▸ INFORMATION SHOWN:
==*==

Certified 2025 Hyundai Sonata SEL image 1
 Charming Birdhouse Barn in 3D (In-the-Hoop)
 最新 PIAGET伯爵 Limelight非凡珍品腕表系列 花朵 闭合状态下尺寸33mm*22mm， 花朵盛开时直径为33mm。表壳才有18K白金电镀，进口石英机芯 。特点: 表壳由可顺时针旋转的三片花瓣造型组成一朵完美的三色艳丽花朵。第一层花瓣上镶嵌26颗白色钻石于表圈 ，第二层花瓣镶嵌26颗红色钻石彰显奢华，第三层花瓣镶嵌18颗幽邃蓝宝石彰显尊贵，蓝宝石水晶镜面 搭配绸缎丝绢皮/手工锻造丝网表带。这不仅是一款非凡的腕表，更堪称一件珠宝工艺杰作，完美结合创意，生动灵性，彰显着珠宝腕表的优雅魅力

==*==

▸ YOUR GOAL:
Please reproduce the data as it was given, with every line exact.

▸ ANSWER SPACE:
Certified 2025 Hyundai Sonata SEL image 1
 Charming Birdhouse Barn in 3D (In-the-Hoop)
 最新 PIAGET伯爵 Limelight非凡珍品腕表系列 花朵 闭合状态下尺寸33mm*22mm， 花朵盛开时直径为33mm。表壳才有18K白金电镀，进口石英机芯 。特点: 表壳由可顺时针旋转的三片花瓣造型组成一朵完美的三色艳丽花朵。第一层花瓣上镶嵌26颗白色钻石于表圈 ，第二层花瓣镶嵌26颗红色钻石彰显奢华，第三层花瓣镶嵌18颗幽邃蓝宝石彰显尊贵，蓝宝石水晶镜面 搭配绸缎丝绢皮/手工锻造丝网表带。这不仅是一款非凡的腕表，更堪称一件珠宝工艺杰作，完美结合创意，生动灵性，彰显着珠宝腕表的优雅魅力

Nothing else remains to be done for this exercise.